So many recommendations and good reviews so I thought I would give this one a spin, and it probably falls under the heading of  "biggest disappointment of the year".  Michelle Paver is a children's writer, and I'm sorry to say that it really shows.   It is as if she has set out with a warning from her publishers not to frighten anybody too badly, and there's no chance of any bad dreams being initiated by this novel.

An amateur research team set out for the Arctic wilderness, and a string of misadventures reduces their number to one who carries on the project while waiting for the others to join back up with him.  He feels lonely.  He thinks he sees a ghost.  Someone tells him the place is haunted.  He does see a ghost.  He runs away from the ghost.

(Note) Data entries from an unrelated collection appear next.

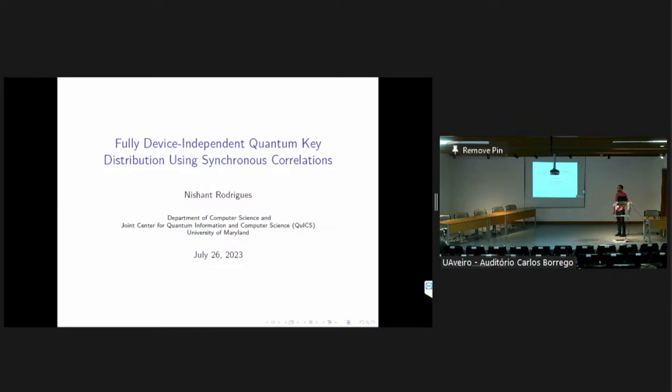Welcome everyone to the crypto session. We'll have three talks, and we'll start with Nishant, who's going to tell us about fully device-independent quantum key distribution from synchronous correlations. Please go ahead.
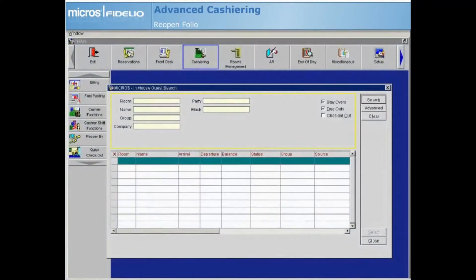The Reopen Folio feature allows you to reopen a folio in order to correct postings and/or payments after the guest has checked out and after the night audit has been completed. The main advantage of the Reopen functionality is to keep all postings for a particular guest's stay in one central place for ease during research.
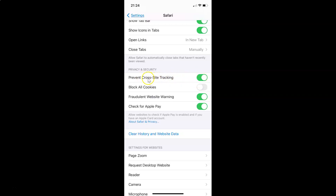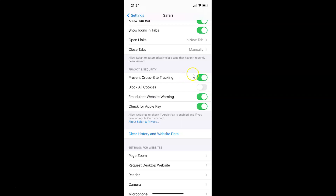In order to disable this, you have to tap the toggle next to Prevent Cross-Site Tracking and move the slider to the left — it's now disabled. I want to enable it, so let me tap the toggle again and move the slider to the right — it's now enabled.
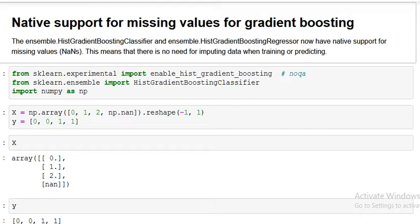Earlier, the gradient boosting algorithm GBM in scikit-learn was not able to handle missing values. On the contrary, the XGBoost algorithm in the XGBoost library can easily handle missing value analysis and always performs better than the normal way of doing it.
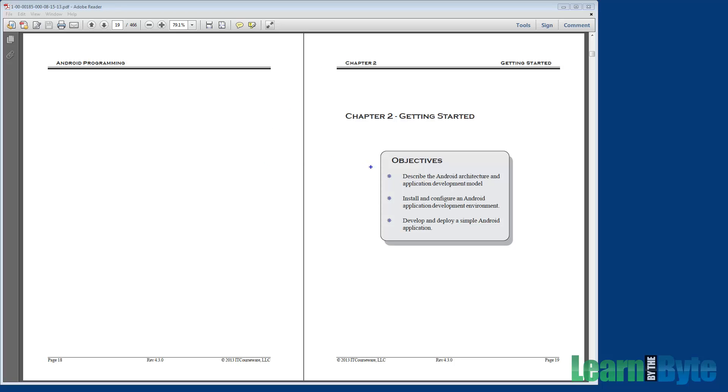By the end of this chapter, you should be able to describe the Android architecture and application development model. We'll give you a quick overview of Android and then talk about the Android software stack, including the Dalvik VM. We will also introduce the four major components in Android.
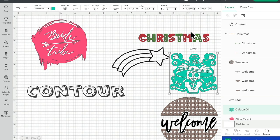Hi, my lovelies, I hope you're all well. So today we're in Design Space and I wanted to show you another use for contour. Contour is really good for creating multiple layers from a single layer image.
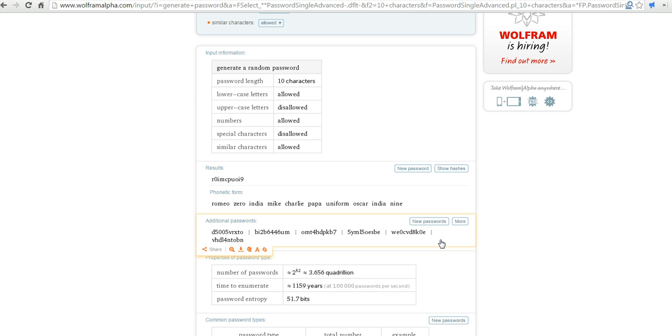So if you're having trouble creating a strong and secure password, think about using Wolfram Alpha to have one randomly generated for you. For more tips and tricks like this, please check out FreeTechForTeachers.com.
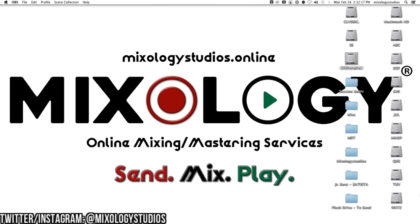Welcome to another tutorial from Mixology Studios online. My name is BioFam, aka Classic. Please follow me on Twitter and Instagram at Mixology Studios, and if you care for my personal one, Classic Hip-Hop.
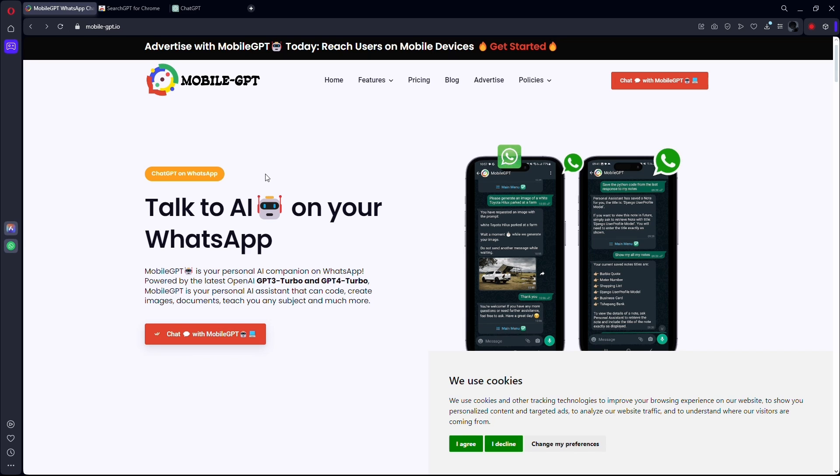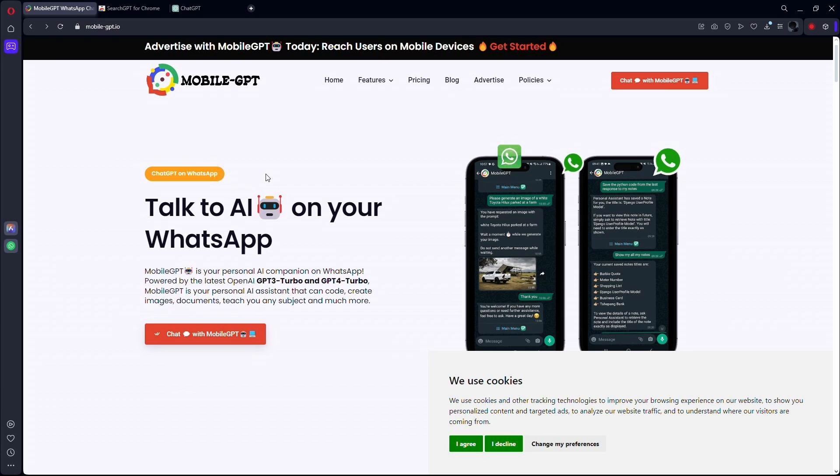First thing that you can do is use MobileGPT. It is your very own ChatGPT Assistant for your phone. This is a generative AI on WhatsApp, so you can actually use this on WhatsApp and you can do a lot of different things with this.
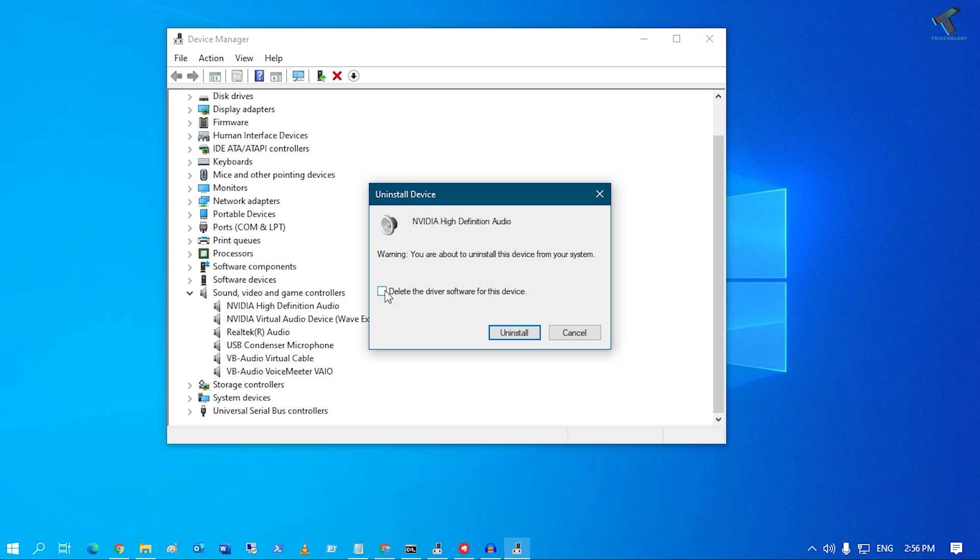You just need to uncheck this option. After that, you have to click on Uninstall. Once you have clicked on Uninstall, it will show you the restart option and it will fix your problem.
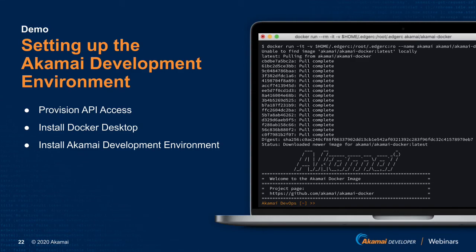This demo consists of three things. First, we are going to provision API access, then we'll install the Docker Desktop in our machine, and then we will install and run the Akamai development environment.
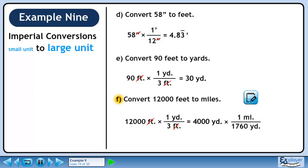Now we'll convert to miles. We want yards to cancel out, so put 1,760 yards in the denominator. We want to keep miles, so put 1 mile in the numerator. 4,000 divided by 1,760 is 2.27 repeating. Yards cancel out, leaving miles.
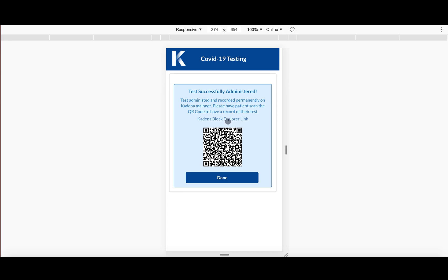So here we can see that the test was successfully administered. As you saw, it only took a few seconds for the transaction to go through. We are proof of work blockchain. So the blocks do need to be mined.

The research is thorough and unfortunately, it tends to show - Paver doesn't miss many opportunities to shoehorn in a brand name, or a contemporary reference.  But good research doen't necessarily make for good storytelling, and not for good adult storytelling. There is insufficient tension, the pace is frightfully slow, there is little real sense of menace, the "reveal" is in a dream, and even then only fitfully related so that the true horror is
so concealed as to be almost Lovecraftian, and not in a goosd way - you know how HPL was fond of saying that things were so gruesome that he couldn't describe them?  Well, a bit like that.

Unputdownability : I only didn't put it down because I so dreaded having to pick it back up again.